Will You Two Cut It Out?
So it was a remarkably hot weekend here in the Seattle area, with temperature records being kicked to the curb for three straight days. Technically, the excessive heat continued into today, but 92° (33°C) is pretty low-key when compared to 108° (42°C). The weekend saw the highest temperatures recorded in the Seattle area, and literally doubled the number of days that the region hit high temperatures above 100° over the past 125 years.
Predictably, there is a chorus of voices holding this event out as incontrovertible proof of anthropogenic climate change. Which is unfortunate.
Not that there's anything to be done about it. People will hold out this or that even as either validation or refutation of anthropogenic climate change as it suits them and aligns with their viewpoints and interests. So I expect the next dumping of snow that lands on the area will inspire a counterargument based on that single event. (Although proponents of anthropogenic climate change will likely also point to it as proof of their own viewpoint.)

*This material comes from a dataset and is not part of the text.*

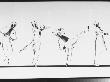 Multi-Image Reverse Negative Print Of Dancer Ray Bolger Doing A Tap Dance Routine by Gjon Mili Limited Edition Print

The bickering over which side is right misses the point. Mainly because it boils down to pitting the interests of different groups against one another in what basically becomes a zero-sum game (albeit one where both sides could lose). While policymakers and experts often speak of things in terms of their impacts on the aggregate, people live their lives as individuals. Promises of more and better new energy or fossil-fuel jobs aren't draws for people who don't see themselves as every qualifying for them, at least, not if they're going to earn the salaries that they're accustomed to. And given the United States track record of leaving people out in the cold when their primary skills are not (or are no longer) of use, it's understandable that people would place their individual livelihoods above more abstract concerns.

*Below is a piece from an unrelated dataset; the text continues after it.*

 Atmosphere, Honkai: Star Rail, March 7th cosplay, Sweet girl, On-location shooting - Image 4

Accordingly, the best path to a solution likely doesn't lie in one side browbeating the other into submission. A solution that is designed to best meet the needs of all parties involved will likely be more useful. Of course, this is easier said than done, especially in an environment where the opposed parties feel that the other is acting in deliberate bad faith. But even where that is not the case, seeking compromise where questions of justice are involved is always a difficult task. But, in this case, the expected benefit would be the removal of an incentive to deny or otherwise dismiss the problem being solved.
Given that a runaway greenhouse effect, one that would turn the Earth into something akin to Venus, is unlikely, anthropogenic climate change is unlikely to be an extinction-level problem. At least, not for humans. Rather, it will simply become expensive to remediate. Whereupon there will be a new argument over who will pay the bill. Which is unfortunate, but a common facet of human nature.